* Data supplied *

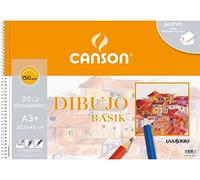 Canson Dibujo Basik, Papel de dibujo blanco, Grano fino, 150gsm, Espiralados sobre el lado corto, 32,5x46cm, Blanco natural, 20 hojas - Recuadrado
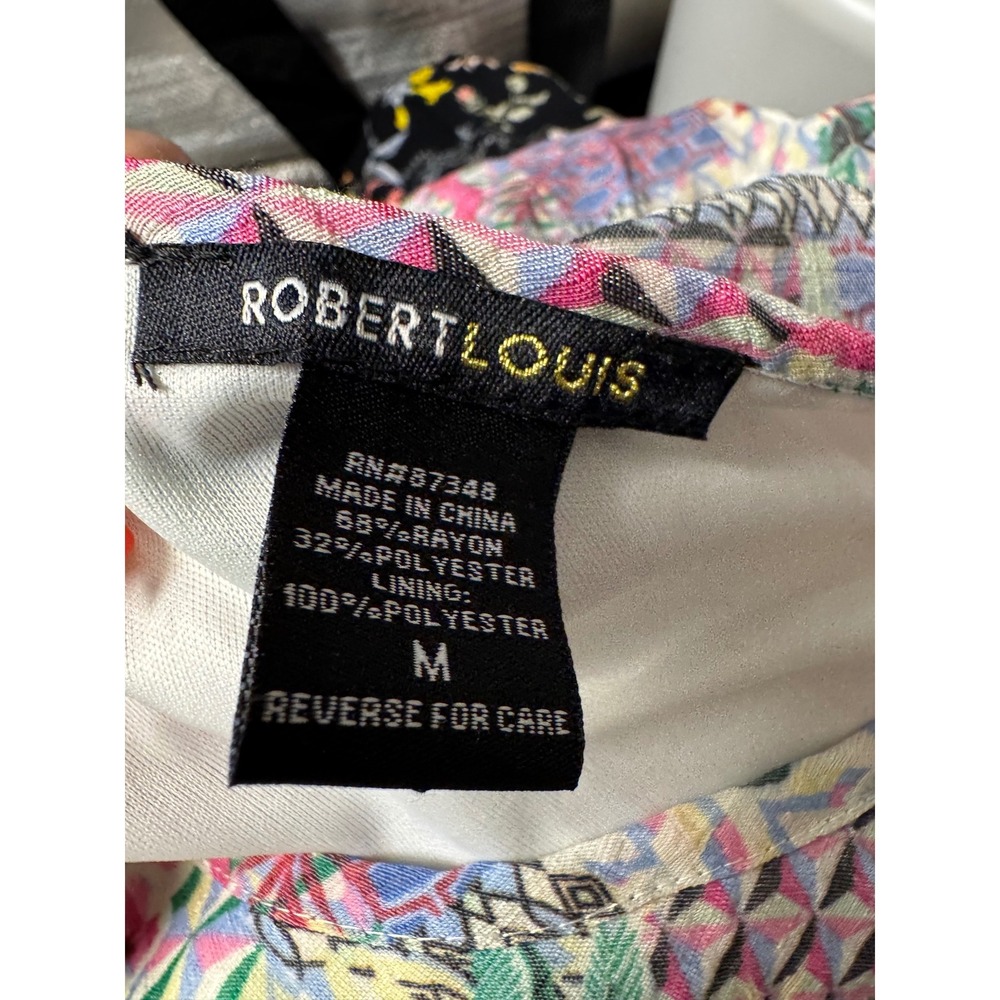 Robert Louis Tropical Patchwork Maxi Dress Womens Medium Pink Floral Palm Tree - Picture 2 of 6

--

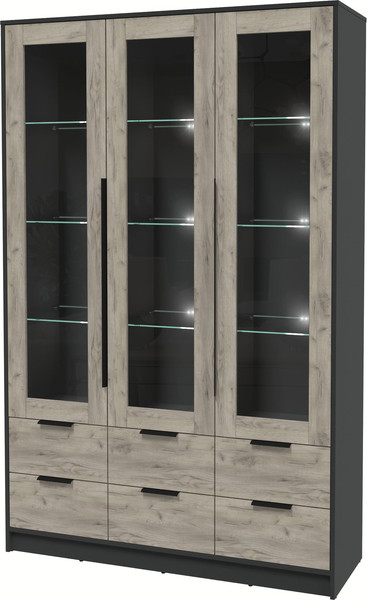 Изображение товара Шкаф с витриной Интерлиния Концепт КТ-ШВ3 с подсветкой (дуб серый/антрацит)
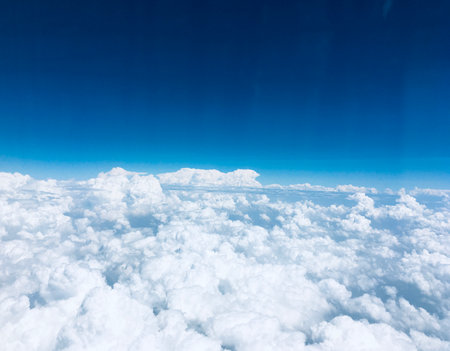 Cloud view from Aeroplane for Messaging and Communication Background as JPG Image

* * *

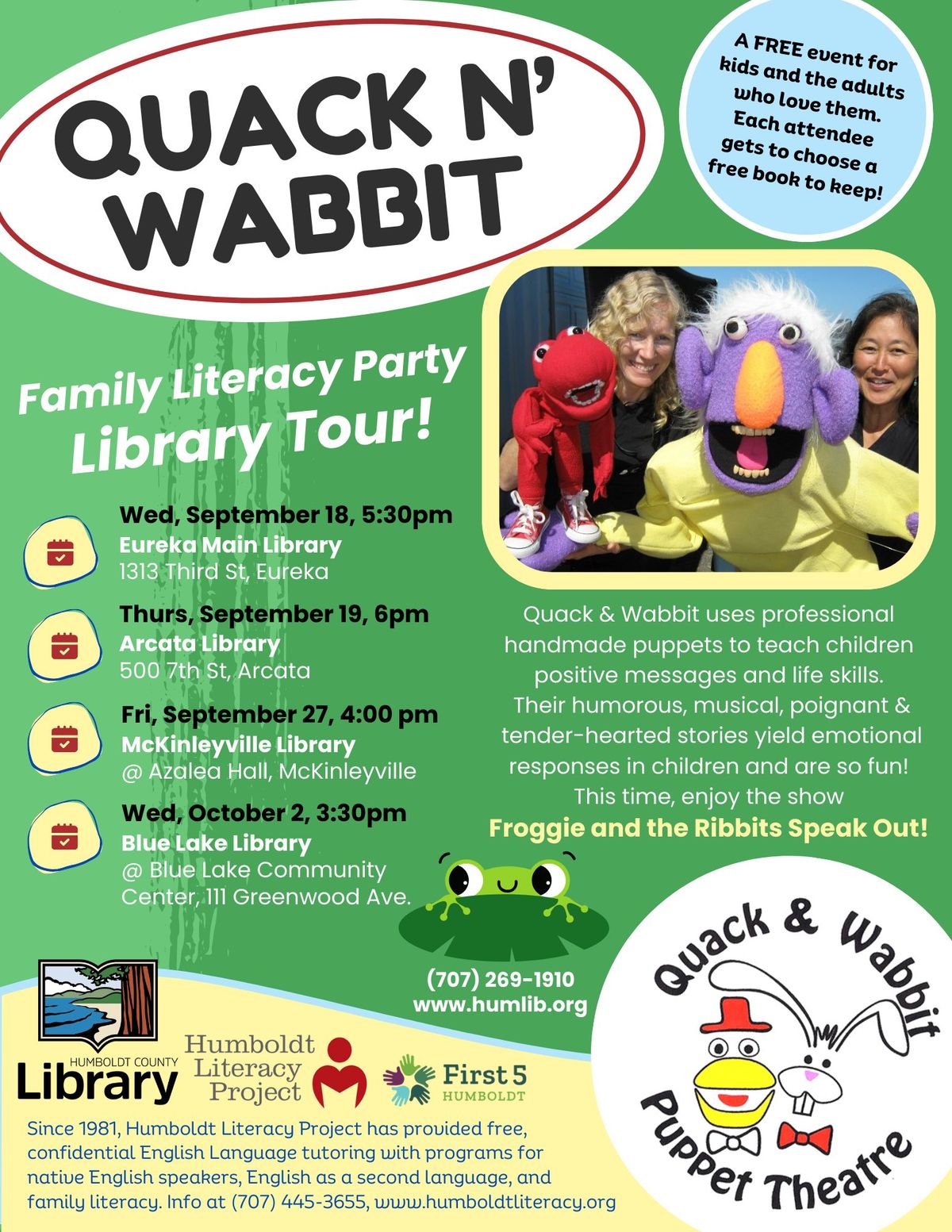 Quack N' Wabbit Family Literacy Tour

* What the task asks *
Would you copy, word for word, only the lines above from the one containing "Canson Dibujo Basik, Papel" through the one containing "Robert Louis Tropical", both included, and please leave out the pictures?

* Problem solution *
 Canson Dibujo Basik, Papel de dibujo blanco, Grano fino, 150gsm, Espiralados sobre el lado corto, 32,5x46cm, Blanco natural, 20 hojas - Recuadrado
 Robert Louis Tropical Patchwork Maxi Dress Womens Medium Pink Floral Palm Tree - Picture 2 of 6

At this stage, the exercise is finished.